Electric Car Boom Drives Rush to Mining’s $90 Billion Hub
August 7, 2017
A scramble by the lithium market’s biggest players to tie up supply of the high-tech metal is gathering pace in the 170-year-old heartland of Australia’s $90 billion mining industry.
Rising Chinese demand for lithium-ion batteries needed for electric vehicles and energy storage is driving significant price gains and an asset boom in Australia, already the world’s largest lithium producer. The fast-developing hub is drawing investment and deals from global producers as well as chemical-to-battery manufacturers in China, the top consumer.

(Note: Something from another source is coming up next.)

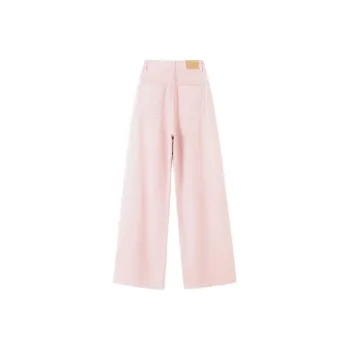 Dior Beauty Casual Pants Women's Pink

Western Australia has four operations in production and three more major projects being advanced to begin output. Major players are likely to continue to scope for deals in the state to secure supply for the next 20 or 30 years, according to consultant Benchmark Mineral Intelligence.
“There are serious companies investing and people are starting to lock up the biggest, long-life resources. The question is — who’s next?” Simon Moores, managing director of Benchmark Mineral said by phone from London. Though on a smaller scale, “it’s a land grab like in the petroleum industry when BP, Shell and others rounded on the Middle East in the 1960s and 1970s,” he said.
Greenbushes in Western Australia, the world’s biggest hard-rock lithium mine, is being expanded to more than double annual capacity, Talison Lithium, a joint venture between China’s Tianqi Lithium Corp. and North Carolina’s Albemarle Corp., said in an email. The site, first mined for tin from about 1888, already accounts for about 30 percent of global lithium production, according to Australia’s government. Tianqi is also planning about A$717 million ($578 million) of processing plant expansions.Jiangxi Ganfeng Lithium Co., which has interests in projects in countries including Ireland and Argentina, holds about 43 percent of Australia’s Mt. Marion operation and in May agreed a supply and investment pact with Pilbara Minerals Ltd. for a mine development. Battery maker Shaanxi J&R Optimum Energy Co. in July struck an agreement for future output from Altura Mining Ltd.’s project.
An open pit mine at the lithium operation site of Talison Lithium Ltd. in Greenbushes.
Photographer: Carla Gottgens/Bloomberg
“It’s the most significant expansion in lithium supply ever, and we are still undershooting demand,” said Chris Reed, chief executive officer of Neometals Ltd., a partner with Ganfeng and Mineral Resources in the Mt. Marion operation. Reed is scheduled to speak Wednesday at the close of the three-day Diggers and Dealers mining forum in Kalgoorlie, Western Australia.
Soc. Quimica & Minera de Chile SA, the world’s second-largest lithium supplier, in July made a first move outside South America to invest about $110 million for 50 percent of Kidman Resources Ltd.’s Mt. Holland project in Western Australia, aiming to enter production by at least 2021. The project would add to SQM’s expansion into Argentina.